**Task statement:** Retype the full set of records. Keep every character identical.

**Materials provided:**
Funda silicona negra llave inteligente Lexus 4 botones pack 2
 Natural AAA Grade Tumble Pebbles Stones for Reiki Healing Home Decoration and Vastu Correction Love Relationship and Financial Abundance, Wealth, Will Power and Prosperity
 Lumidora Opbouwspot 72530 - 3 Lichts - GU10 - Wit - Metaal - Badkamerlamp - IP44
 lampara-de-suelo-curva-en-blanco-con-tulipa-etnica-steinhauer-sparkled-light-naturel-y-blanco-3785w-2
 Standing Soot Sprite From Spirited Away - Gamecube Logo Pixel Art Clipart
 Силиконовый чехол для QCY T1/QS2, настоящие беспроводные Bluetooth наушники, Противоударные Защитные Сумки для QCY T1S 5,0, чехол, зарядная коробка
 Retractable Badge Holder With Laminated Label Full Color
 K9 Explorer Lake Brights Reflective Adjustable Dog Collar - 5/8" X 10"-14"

**Answer to the exercise:**
Funda silicona negra llave inteligente Lexus 4 botones pack 2
 Natural AAA Grade Tumble Pebbles Stones for Reiki Healing Home Decoration and Vastu Correction Love Relationship and Financial Abundance, Wealth, Will Power and Prosperity
 Lumidora Opbouwspot 72530 - 3 Lichts - GU10 - Wit - Metaal - Badkamerlamp - IP44
 lampara-de-suelo-curva-en-blanco-con-tulipa-etnica-steinhauer-sparkled-light-naturel-y-blanco-3785w-2
 Standing Soot Sprite From Spirited Away - Gamecube Logo Pixel Art Clipart
 Силиконовый чехол для QCY T1/QS2, настоящие беспроводные Bluetooth наушники, Противоударные Защитные Сумки для QCY T1S 5,0, чехол, зарядная коробка
 Retractable Badge Holder With Laminated Label Full Color
 K9 Explorer Lake Brights Reflective Adjustable Dog Collar - 5/8" X 10"-14"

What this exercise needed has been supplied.